Today, Foreign exchange requests and procurement from banks would take at least two month and would be rationed based on availability.
It is also responsible for the present chaos in the downstream sector.
Similarly, according to CBN report, the bank injected $7.6bn into the economy to stabilise the value of the naira in five months.
This was obtained in the banking regulator’s monthly economic reports on foreign exchange market developments.
According to the reports, the CBN intervened in the markets with $1.65bn, $1.39bn and $1.82bn in January, February and March, while the interventions were $1.56bn and $1.18bn in April and May, 2022, respectively.The report read, “Total foreign exchange sales to authorised dealers by the bank were $1.18bn, a decrease of 24.4 per cent, below $1.56bn in April.“A breakdown shows that foreign exchange sales at the Investors and Exporters and interbank/invisible windows decreased by 37.9 per cent and 0.7 per cent to $0.16bn apiece, below their respective levels in the preceding month.“Similarly, SMIS and matured swap contracts fell by 7.0 per cent and 71.4 per cent to $0.64bn and $0.10bn, respectively, compared to the amounts in April. However, foreign exchange sales at the Small and Medium Enterprises window rose by 8.4 per cent to $0.12bn in the review period.”
Interestingly, CBN still maintains its official, I&E exchange rate of N445.04 as at Monday December 5, 2022, on its website, amid existing multiplicity of exchange rates that have continued to make the market volatile and dysfunctional.
But at the parallel market, which appears to reflect the semblance of true value of naira, it’s still hovering between N750 and N790/$.
According to Bismark Rewane, chief executive of the Financial Derivatives Company, in the current edition of the Digest, “After what could be described as a dead cat bounce, with the Naira gaining 26.24% in one week, the Naira has plunged once again this time with vengeance (losing 15.4%) to the current level of N796/$ on the back of increased dollar demand.
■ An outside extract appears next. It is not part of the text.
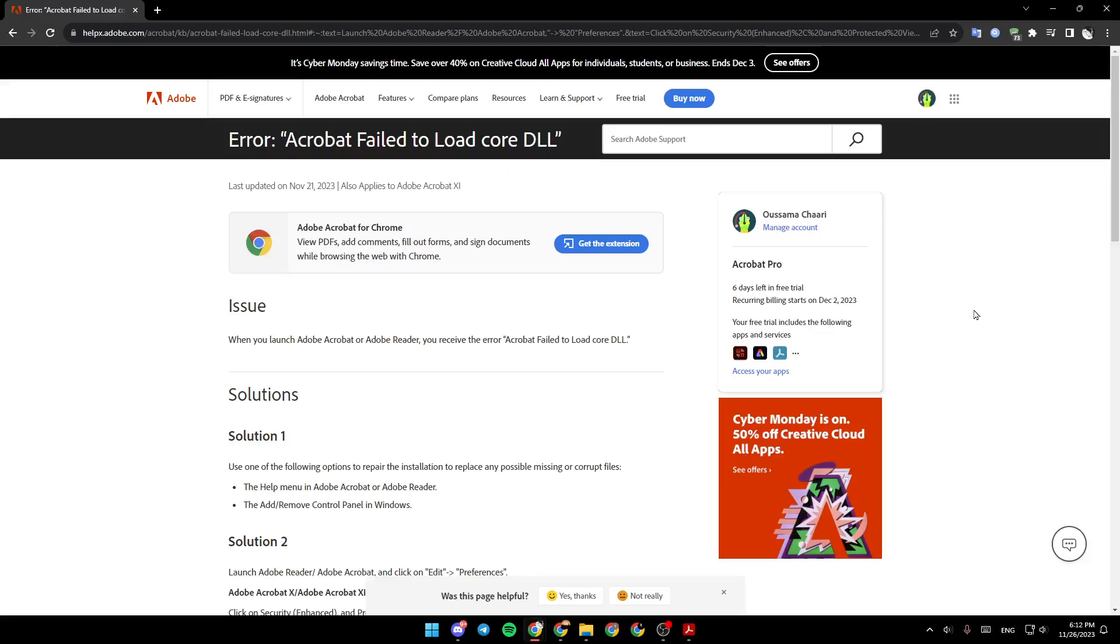Hello everyone, and welcome back to a new video. In this video, I'm going to show you how to fix Acrobat's fail-to-load core DLL error. If you want to learn how to do it, just follow the steps I'm going to show you.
This is despite the CBN’s initiatives to support the Naira, including the clamp down on Bureau De Change operators by the EFCC.
Meanwhile, the Naira is expected to remain weak as forex demand continues to outstrip supply. During the Christmas season normally, the Naira appreciates as visiting friends and relatives from the U.S. and Europe return to Nigeria. But, 2022 is an extraordinary year. So, what you see will be what you get.”
CBN had earlier in the year announced that it would stop the sale of foreign exchange to Deposit Money Banks by the end of 2022.
It had earlier stopped forex allocation to the Bureau de Change operators in 2021, which it accused of aggravating the crisis in the market with their sharp practices.
.Consequently, CBN governor launched its programme tagged ‘RT200 FX Programme’ to boost forex supply in the country through the non-oil sector in the next three to five years.He said after careful consideration of the available options and wide consultation with the banking community, the CBN launched the Bankers’ Committee “RT200 FX Programme“The RT200 FX Programme is a set of policies, plans and programmes for non-oil exports that will enable us to attain our lofty yet attainable goal of $200bn in FX repatriation, exclusively from non-oil exports, over the next three to five years,” he said.Emefiele said the programme’s five key anchors are value-adding exports facility; non-oil commodities expansion facility; non-oil FX rebate scheme; dedicated non-oil export terminal; and biannual non-oil export summit.
Interestingly, Emefiele, through a release from the bank’s corporate communications department on November, 2029, 2022, said a total of $4.987 billion was repatriated into the country by non-oil exporters in 2022, under the programme.
The programme was launched in February 2022 by CBN, in collaboration with the Bankers’ Committee.